The service fails to be started, and an error message is displayed, indicating that resources are insufficient and service scheduling fails. ("Schedule failed due to insufficient resources. Retry later." or "ModelArts.3976: No resources are available for the selected specification.")

Figure 1 Schedule failed due to insufficient resources
Click to enlarge

Possible Causes

The configured instance specifications are beyond the remaining CPU or memory resources. ("insufficient CPU" / "insufficient memory")
The disk capacity cannot meet the requirements of the model. ("x node(s) had taint {node.kubernetes.io/disk-pressure: }" / "No space")

Solution

When resources are insufficient, ModelArts retries for three times. If resources are released during these retries, the service can be successfully deployed.

If resources are still insufficient after three retries, the service deployment fails.
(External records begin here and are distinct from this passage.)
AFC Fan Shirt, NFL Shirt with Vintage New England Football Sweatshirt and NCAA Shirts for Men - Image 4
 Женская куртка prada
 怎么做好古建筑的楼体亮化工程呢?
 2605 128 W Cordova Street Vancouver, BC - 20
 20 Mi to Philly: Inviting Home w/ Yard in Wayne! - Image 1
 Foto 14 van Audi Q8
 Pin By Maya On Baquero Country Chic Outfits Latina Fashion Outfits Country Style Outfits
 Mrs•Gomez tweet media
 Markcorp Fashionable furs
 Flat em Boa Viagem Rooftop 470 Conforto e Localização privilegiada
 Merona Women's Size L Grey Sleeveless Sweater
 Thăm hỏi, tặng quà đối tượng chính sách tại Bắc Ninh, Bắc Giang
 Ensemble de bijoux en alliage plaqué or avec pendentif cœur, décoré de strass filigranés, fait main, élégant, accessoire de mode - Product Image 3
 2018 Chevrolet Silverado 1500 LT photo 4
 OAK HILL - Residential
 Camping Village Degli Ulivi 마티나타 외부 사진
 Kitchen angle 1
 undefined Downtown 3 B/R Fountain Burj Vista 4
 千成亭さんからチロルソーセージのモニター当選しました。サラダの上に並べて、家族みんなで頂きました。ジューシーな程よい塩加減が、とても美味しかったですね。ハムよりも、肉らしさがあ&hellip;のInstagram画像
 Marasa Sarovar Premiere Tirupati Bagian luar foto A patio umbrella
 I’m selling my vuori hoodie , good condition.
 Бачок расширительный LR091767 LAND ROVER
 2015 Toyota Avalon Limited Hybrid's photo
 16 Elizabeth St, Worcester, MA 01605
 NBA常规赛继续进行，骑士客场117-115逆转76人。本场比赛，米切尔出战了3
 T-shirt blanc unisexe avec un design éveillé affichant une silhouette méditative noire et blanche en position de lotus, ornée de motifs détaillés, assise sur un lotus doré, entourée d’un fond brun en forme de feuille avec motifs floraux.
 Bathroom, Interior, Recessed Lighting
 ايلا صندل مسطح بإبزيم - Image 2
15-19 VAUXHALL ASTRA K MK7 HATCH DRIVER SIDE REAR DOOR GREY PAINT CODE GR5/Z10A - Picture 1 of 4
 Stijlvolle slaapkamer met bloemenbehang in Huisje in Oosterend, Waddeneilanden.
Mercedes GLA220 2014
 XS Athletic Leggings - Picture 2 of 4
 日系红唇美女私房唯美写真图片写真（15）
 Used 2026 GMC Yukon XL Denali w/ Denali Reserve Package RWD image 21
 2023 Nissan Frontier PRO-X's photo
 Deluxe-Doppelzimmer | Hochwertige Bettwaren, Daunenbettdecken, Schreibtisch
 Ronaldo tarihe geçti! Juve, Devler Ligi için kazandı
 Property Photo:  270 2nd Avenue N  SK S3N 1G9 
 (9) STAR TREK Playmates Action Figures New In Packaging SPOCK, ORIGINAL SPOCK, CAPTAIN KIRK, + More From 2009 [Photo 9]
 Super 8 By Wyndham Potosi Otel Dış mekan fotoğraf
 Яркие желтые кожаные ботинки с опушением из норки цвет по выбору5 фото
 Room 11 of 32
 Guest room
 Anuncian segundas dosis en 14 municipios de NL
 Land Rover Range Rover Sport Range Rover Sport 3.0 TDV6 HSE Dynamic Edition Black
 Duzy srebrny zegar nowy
In this case, perform the following operations to resolve this issue:

If the service is to be deployed in a public resource pool, wait until other users release resources.
If the service is to be deployed in a dedicated resource pool, select lower container specifications or custom specifications to deploy the service on the premise that the model requirements are met.
Expand the capacity of the current resource pool before deploying the service. To expand the capacity of the public resource pool, contact the system administrator. To expand the capacity of the dedicated resource pool, refer to Resizing a Resource Pool.
If the disk space is insufficient, try again to schedule the instance to another node. If the disk space of a single instance is still insufficient, contact the system administrator to use proper specifications.

If an AI application imported though a large model is used to deploy the service, ensure that the disk space of the dedicated resource pool is greater than 1 TB (1000 GB).